# Coho or steelhead???



## Kory (Oct 7, 2007)

Probably Carp...


----------



## J - Rod (Oct 27, 2004)

Flyfisher said:


> I'm with you on this one, Steve...I would also go as far as saying the middle fish are probably "Skams" (summer-run) which would explain the darkened up steelie on the bottom of that picture. Probably caught on a trib of the St Joe?


I pulled that middle pic from a Grand River thread, he said he got them around Portland.


----------



## ausable_steelhead (Sep 30, 2002)

> I'm gonna guess the only reason that nasty king is on the stringer is that it still had something of value in its belly.
> 
> That's OK...as you know, Hutch Inc. is a proud supporter of the "No Egg Left Behind" program.

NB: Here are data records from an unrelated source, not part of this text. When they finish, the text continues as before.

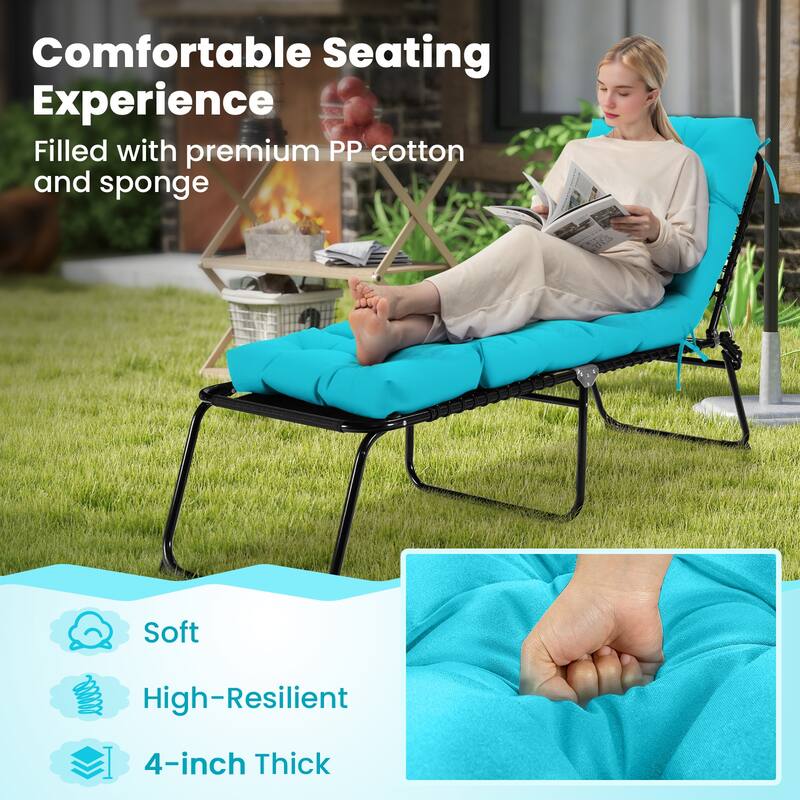 Gymax 73'' Lounge Chaise Cushion Padded Recliner Cushion Indoor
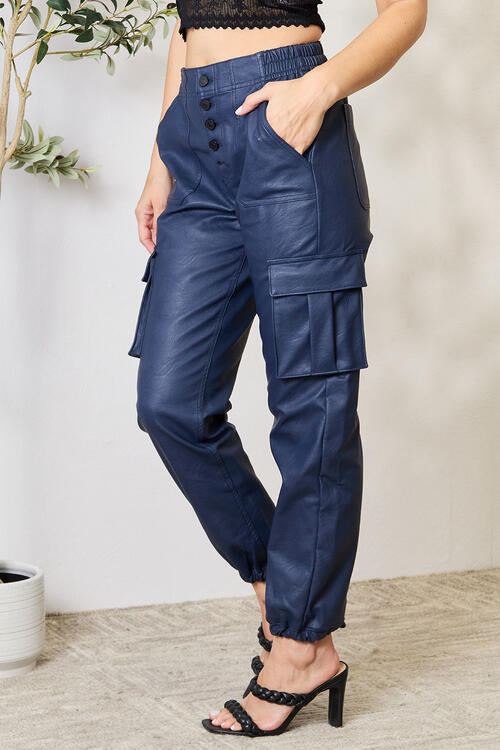 Kancan High Waist Faux Leather Cargo Joggers - The Sapphire Star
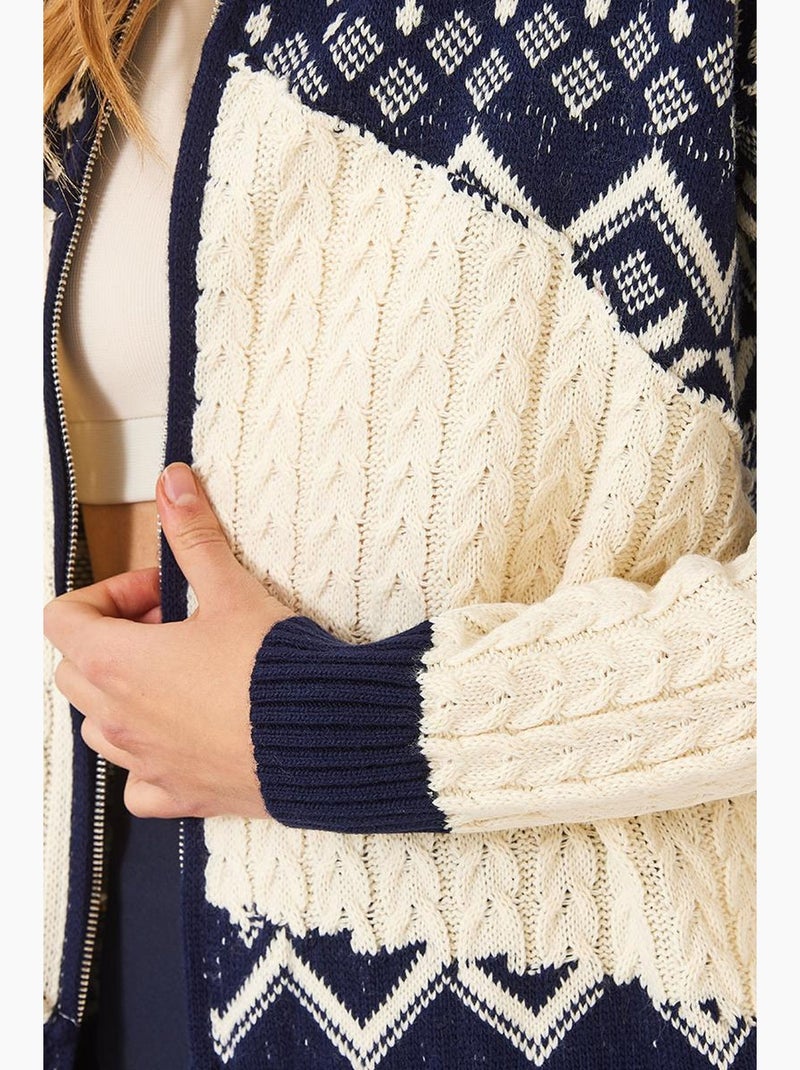 Cardigan in maglia con cerniera jacquard lucci Blu marino - Kiabi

What, you don't like "walleye" meat on your salmon?:lol:, that king still had skein, but it was loosening up good. I have a good pic of a male and a female coho, but feel there's already too many pics from my ass in this thread!


----------



## Vicious Fishous (Sep 12, 2006)

To agree with J-rod, I'm pretty sure that Cohos only have spots on the top of the tail, and steel and kings have spots on the whole thing. We caught all three on a trip up north this fall and my buddies were putting steel on the stringer thinking they were coho. When I went to put one of my coho on their stringer and put a chrome salmon next to a chrome trout, it was hard to tell a t a glance but when we compared the fish together, the spots on the tail was the easiest way for me to tell. 
I should be Fishing,
PETE


----------



## REG (Oct 25, 2002)

I have to agree with Quest. The bottom fish on the middle pic is a coho.
It is hard to make out spots (or not) on the tail, but:
1) It looks like a bit of dark grey on the inside edge of the mouth.
2) The date and what appears to be rose mottled coloration
3) Fungal patch on the belly seems to be more common with fish on their spawning run.
4) The bit longer anal fin. I believe that cohos have a few more rays in the anal fin.
5) What's that white on the anal fin and tail?


----------



## mdj (Oct 1, 2005)

Bottom fish, middle pic, definitely a ho!


----------



## ausable_steelhead (Sep 30, 2002)

The bottom fish in the middle looks like a smaller male steelhead with light spotting. You can see spots all over the whole tail if you look closely. This should help the debate, a male and female coho from last week:


----------



## Flyfisher (Oct 1, 2002)

ausable_steelhead said:


> The bottom fish in the middle looks like a smaller male steelhead with light spotting. You can see spots all over the whole tail if you look closely.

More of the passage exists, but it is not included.